Now Ellis was spinning round in the mud, his white robe aswirl, and putting his weight against the gate and bellowing, ‘Come out! Come out, you snivelling servants of the Adversary. Come out and face the sorrow and the wrath of the one true God.’
‘Fuck’s sake, Nick...’
Ellis sprang back.
The weary, American voice came from the other side of the gate. The TV camera lights found a slightly built young guy with long, shaggy hair. He wore a plain T-shirt as white as Ellis’s robe, but a good deal less suited to the time of year. He was just standing there, arms by his side, getting soaked. When he spoke, the tremor in his voice indicated not so much that he was afraid but that he was freezing.
‘Nick, we don’t need this shit, OK? We never touched your lousy church. There’s no dragon here, no Satan. So just... just, like, go back and tell your God we won’t hold you or your crazy stuff against him.’
The man with the cross stood alongside Ellis, like a sentinel. One of the garden torches fizzed, flared and went out. There was a gasp from the crowd, as though the flame had been a casualty of demonic breath. To charismatics, everything was a sign. Merrily moved in close to the gate. She needed to hear this.
/>
Ellis put on a grim smile for the cameras. ‘Let us in, then, Robin. Open the gate of your own free will and let us – and Almighty God – be readmitted to the church of St Michael.’
He waited, his white habit aglow. ‘Praise God!’ a man’s voice cried.
Robin Thorogood didn’t move. ‘I don’t think so, Nick.’
He was watching Ellis through the driving rain – and fighting just to keep his eyes open. To Merrily, he looked bewildered, as if he was struggling to comprehend the motivation of this man who was now his enemy on a level he’d never before experienced. He finally hugged himself, bare-armed, his T-shirt soaked, grey and wrinkled, into his chest. Then, defiantly, he let his arms fall back to his sides, still staring at Nick Ellis, who was now addressing him sorrowfully and reasonably in a low voice which the TV people might not pick up through the splashing of the rain.

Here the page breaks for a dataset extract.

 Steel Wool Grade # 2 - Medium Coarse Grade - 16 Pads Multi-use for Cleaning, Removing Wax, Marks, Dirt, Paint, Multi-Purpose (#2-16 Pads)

‘Robin, you know that we cannot allow this to go on. Whether you understand it or not – and I believe you fully understand it – if you and your kind proceed to worship your profane, heathen deities in a temple once consecrated in His holy name, you commit an act of gross sacrilege. You thereby commend this church into the arms of Satan himself. And you curse the community into which you and your wife were innocently welcomed.’
‘No.’ Robin Thorogood shook his sodden hair. ‘That is bullshit.’
‘Robin, if you don’t recognize it, I can’t help you.’
The big cross was shaking in the air. One of the men screamed out, ‘Thou shalt not suffer a witch to live!’
Merrily tensed, expecting an invasion – when something struck Ellis in the chest.
34
Kali
JANE AGONIZED FOR a while, cuddling Ethel the cat, and then rang Eirion at what she always pictured as a grim, greystone mansion beyond Abergavenny. The line was engaged.